Tuesday, 7 March 2017

The Shadow On The Blind & Other Stories

Louisa Baldwin & Lettice Galbraith
Wordsworth Editions

The late Victorians had an insatiable appetite for the macabre and sensational: stories of murder and suspense, ghosts, the supernatural and the inexplicable were the stuff of life to them. The two writers in this volume well represent the last decade of the nineteenth century, and are of interest in themselves as well as for their contribution to the chilling of the Victorian spine. Mrs. Alfred Baldwin attempted as a child to contact her dead sister through a séance, and took to writing when stricken by a mysterious illness six weeks after marriage. She was also the mother of the Prime Minister, Stanley Baldwin. Lettice Galbraith is herself no less mysterious than the stories she wrote. She appeared on the literary scene in 1893, published a novel and two collections of stories in that year, a further story ( The Blue Room ) in 1897, and then nothing more. Readers of 'The Empty Picture Frame', 'The Case of Sir Nigel Otterburne', 'The Trainer's Ghost' and 'The Seance Room' will recognise the Victorian spirit at its finest.

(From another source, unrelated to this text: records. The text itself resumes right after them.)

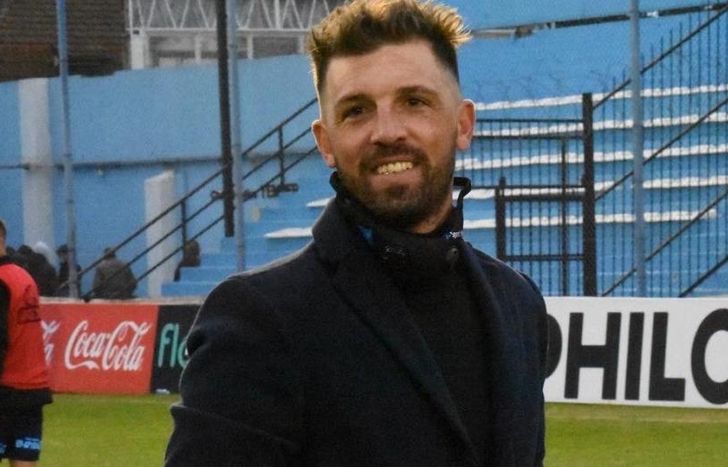 Pablo Frontini sería el nuevo técnico de Temperley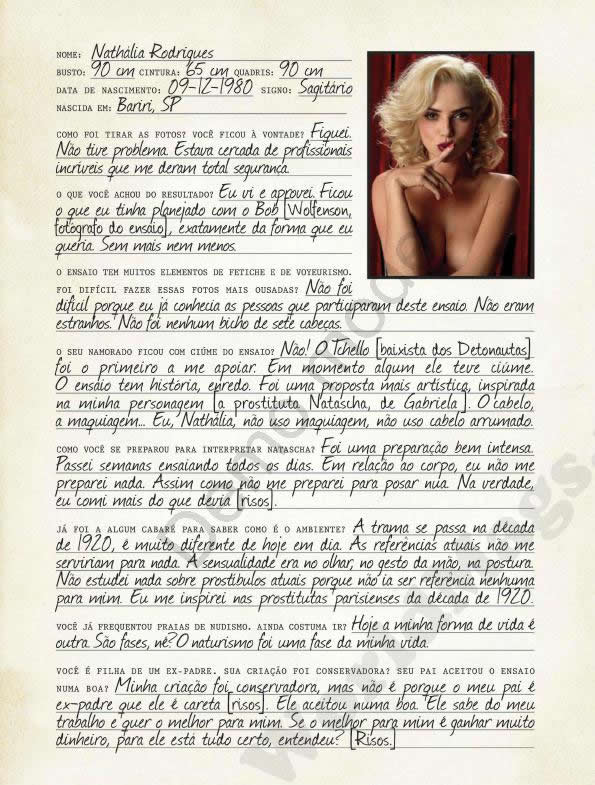 Revista Playboy  2012 08 Nathalia Rodrigues Brazil 2012 08 0177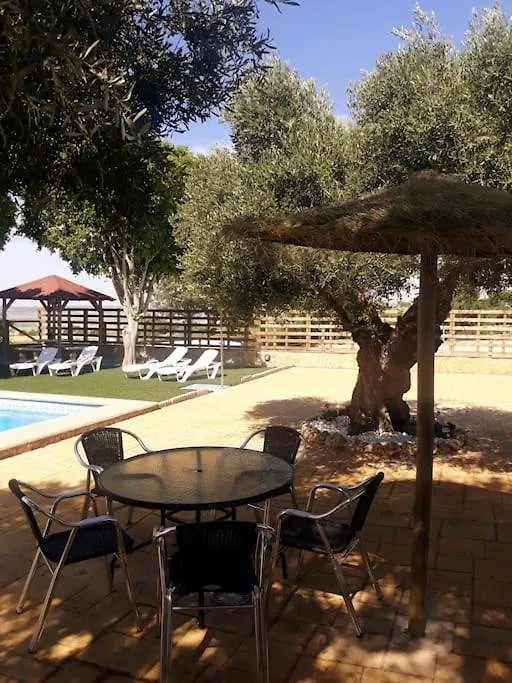 Casa Rural El Almendrillo Arcos de la Frontera Holiday home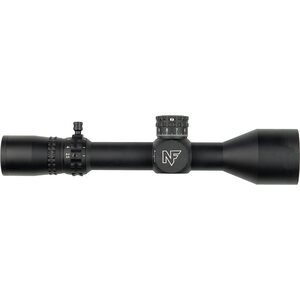 NightForce NX8 - 2.5-20x50mm F1 - ZeroStopTM - .1 Mil-Radian - DigIllumTM - TReMoR3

A twofer this one with the book split pretty much straight down the middle and featuring a selection of stories by two less celebrated authors.

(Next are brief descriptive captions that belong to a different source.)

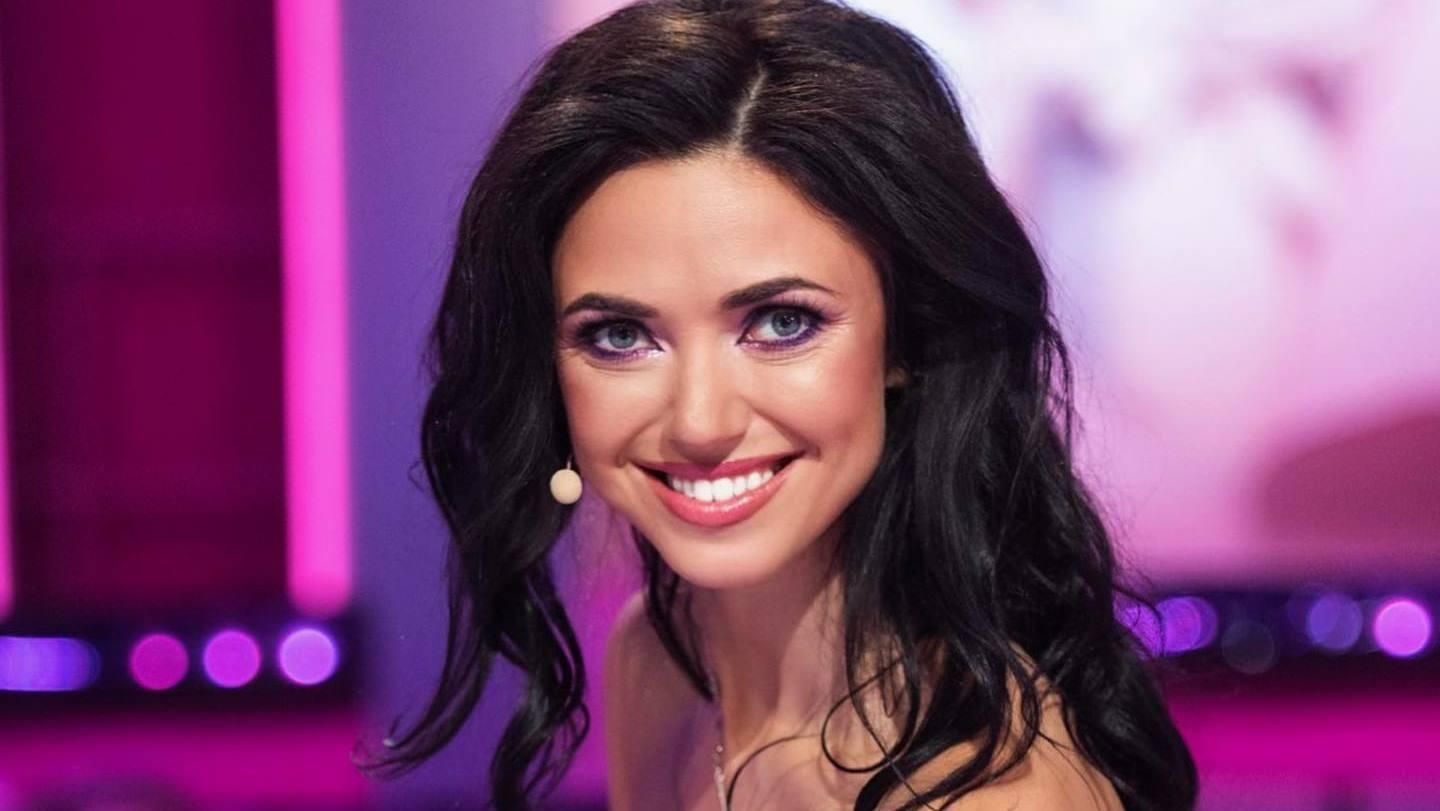 Вікторія Сміюха стала мамою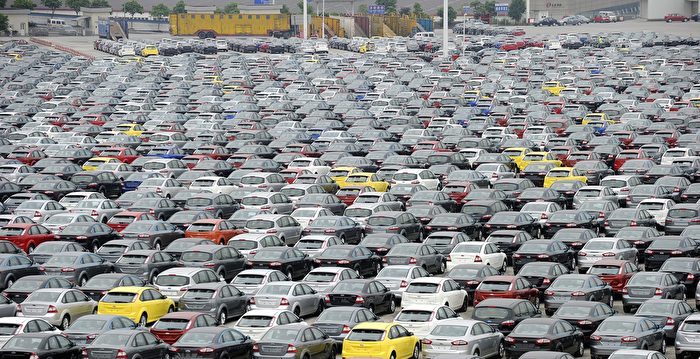汽车市场惨淡 湖北祭6折补贴引发抢购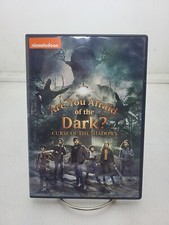 Are You Afraid of the Dark? Curse of the Shadows (DVD, 2021) Free Shipping!!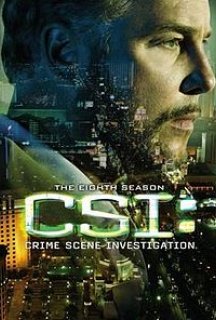 CSІ: Лас-Вегас / CSI: Місце злочину 8 сезон постер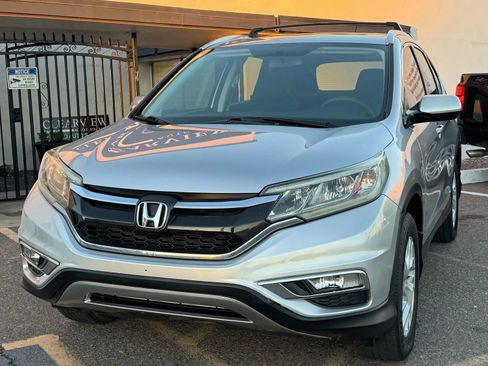 Used 2015 Honda CR-V EX image 11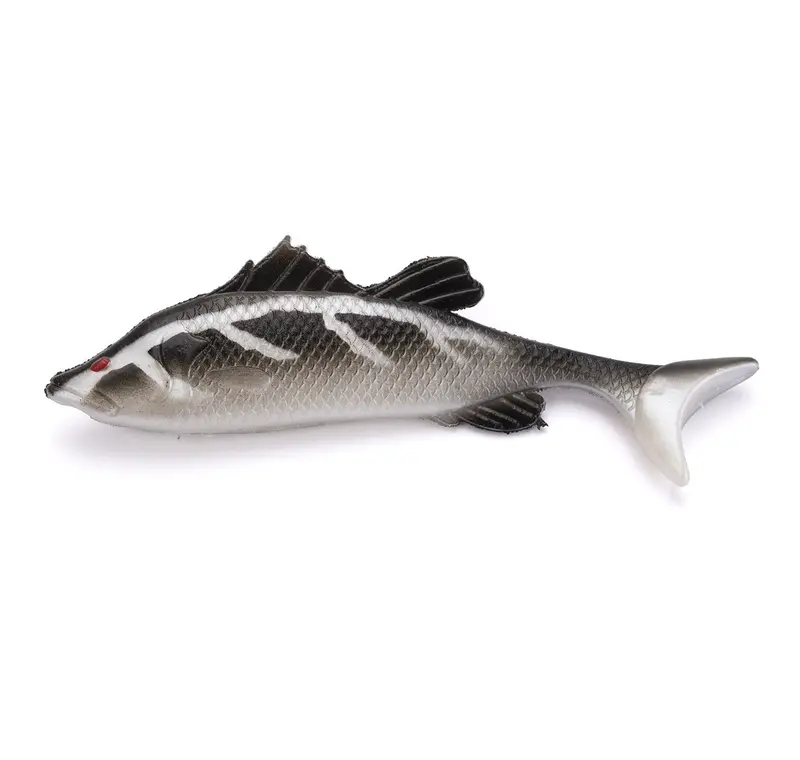 Fuze Bazza Baits Premium Soft Plastic Lures 1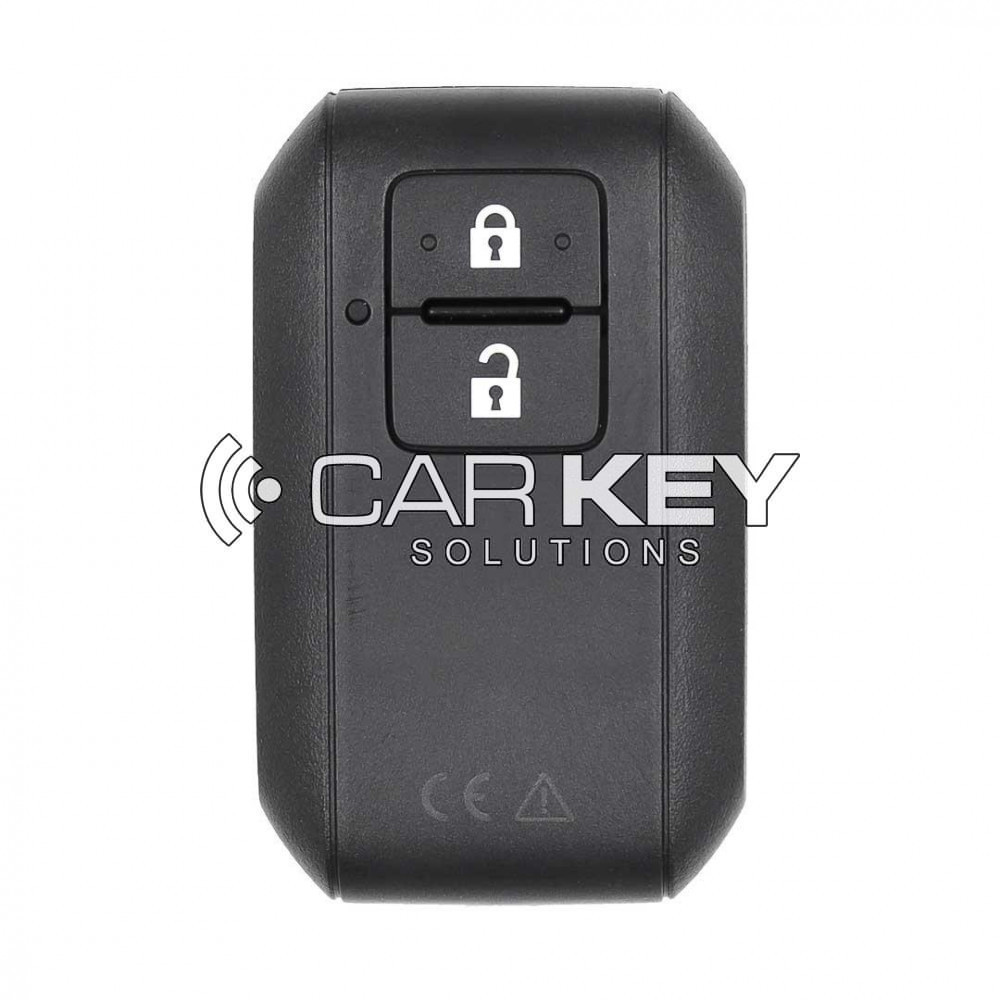 Suzuki Swift 2018–2023 Original Smart Remote Key 2 Tasten 433 MHz 37172M81R00 / 37172M81R01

Louisa Baldwin is perhaps more notable for being the mother of a British prime minister (Stanley Baldwin) but she produced a number of ghostly tales.  On the whole they are a slightly forgettable bunch.  I'm writing this review a couple of weeks after reading the book and looking forward at the contents page I can only recall one of her stories, the ghostly visitor from 'The Empty Picture Frame', but a quick skim reminds me of other highlights.

Louisa Baldwin
Title piece, 'The Shadow On The Blind' is a particularly unremarkable haunted house tale which makes for an inauspicious opening for the book but the following story 'The Weird of the Walfords' is much more satisfying with it's attempts at breaking a family curse.  The next two stories both deal with premonitions of death, 'The Uncanny Bairn' with it's annoyingly written Scots dialect that, for me, felt contrived and kept bogging the story down was the least successful with it's story of a young boy growing up with second sight whilst 'Many Waters Cannot Quench Love' drops a young holiday maker into a house with a sobbing ghost.  'How He Left the Hotel' is an insubstantial little ditty while 'The Real and the Counterfeit' is a nondescript practical joke with an inevitable conclusion whereas 'My Next Door Neighbour' tells you the ending early on and then allows you to enjoy the journey.

Of the final two stories that make up Baldwin's half of the book, 'Sir Nigel Otterburne's Case' deals with a family curse in much the same way as all the other stories of it's ilk whilst the final one, 'The Ticking of the Clock' eschews supernatural themes for a tale of cross-generational familial love and is all the better for not trying to shoehorn any in.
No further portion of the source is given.